Last updated: Jun./03/2011.

Masato Yoshiya's Research Group

(Quantum Materials Physics Lab.)

Division of Materials and Manufacturing Science, Graduate School of Engineering, Osaka University, Japan.

Materials Science and Engineering Course, Division of Materials and Manufacturing Science, School of Engineering, Osaka University, Japan.

INTRODUCTION

"Raison d'etre" of a material is to be used in the real world to function by itself or in combination with other materials as a component, a device, a module, or whatsoever in the product that contributes to our society. To function, a material needs to possess a property or more that distinguishes the material from others, which makes the condensed matter turn into the material. In order to create and desing materials properties, deep understanding about materials themselves is required.

Our group projects are targeted at acquiring fundamental understanding as to

why a material possesses specific characteristics,
what are origins of materials properties,
what electronic, atomistic, and/or micro structures are required,
how we can help materials to exhibit their properties, and
how we control materials properties by changing various levels of structure,

in order to improve potential characteristics of materials or create new characteristics, such that those materials are to function in real-world application, thereby providing new seeds of applicational use of materials.

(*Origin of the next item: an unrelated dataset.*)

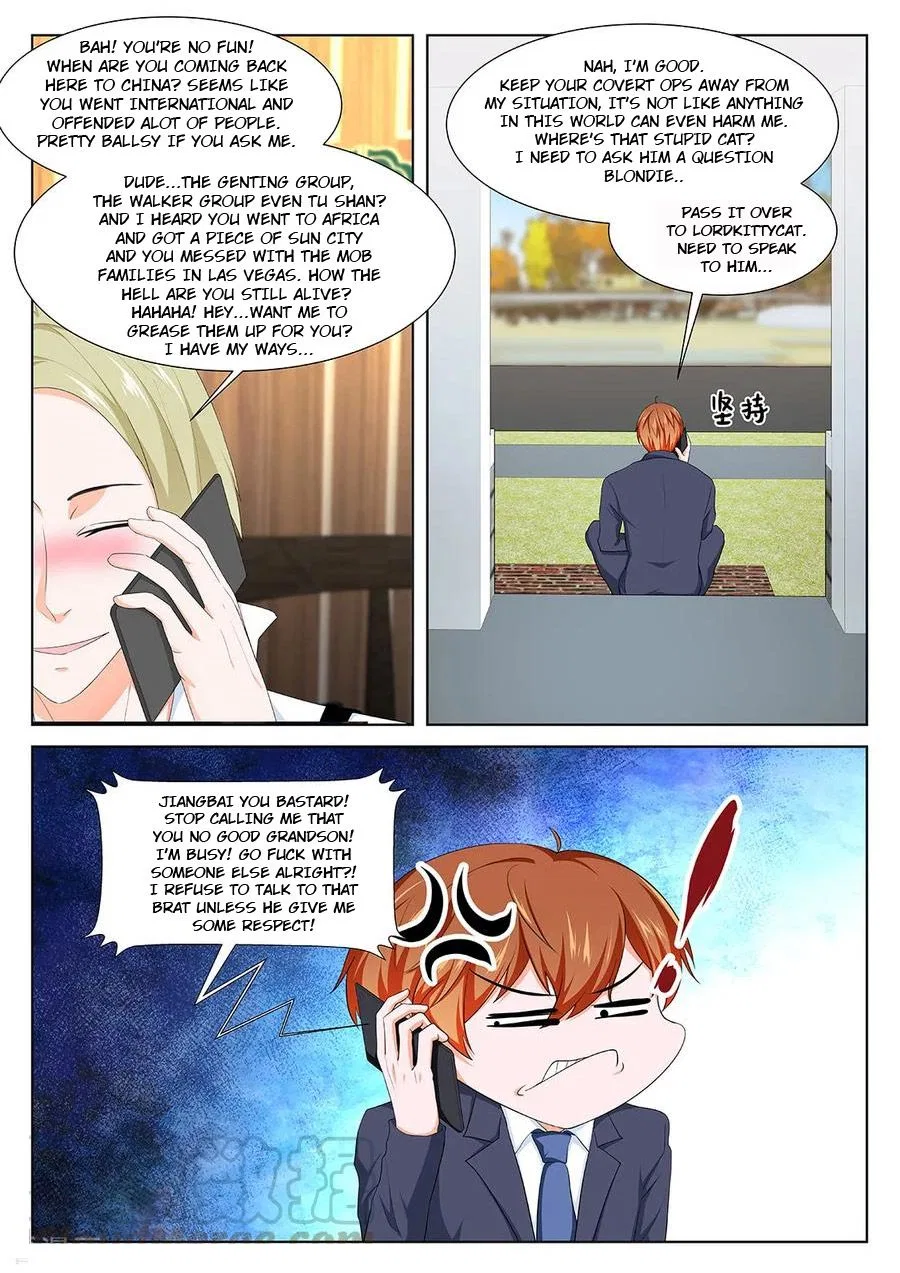 Metropolitan System Chapter 288 – Page 11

Different from other fields in science and technology, in materials science and engineering, a computational method is not mere a replacement of experiment, but, in combination with experimental methods, a powerful tool that helps us

to analyse experimental result in more detail,
to understand what really happended in experiment which might not be observable in experiment,
to predict a new phenomena that can be thereafter confirmed in experiment,
to propose a new experiment through virtual experiment in ideal environment that is not necessary to be realistic at this stage, and,
to design and create a new material.

These can be carried out by sub-nano, nano, or micron level computational analysis and prediction methods, including

First-principles (or Ab-Initio) method for electronic structure including band structure, chemical bonding, and elastic properties,
Lattice Statics for optimizing local atomic coordination including determining grain boundary or surface structure,
Lattice Dynamics for frozen phonon states,
Molecular Dynamics for various dynamic properties including phase transition, ionic conduction, and heat conduction,
Phase Field Modeling for microstructure evolution based on thermodynamics,
Cellular Automaton method and/or stocastic method including Monte Carlo method for crystal growth, and,
Finite Difference Method for transport phenomena in continuum matter,

depenging on what needs to be studied.

Many of our projects are done in conjunction with Hideyuki Yasuda's Research Group (Materials Processing and Devices Creation Laboratory), thanks to the diffuse border and very low barrier among laboratories in our department.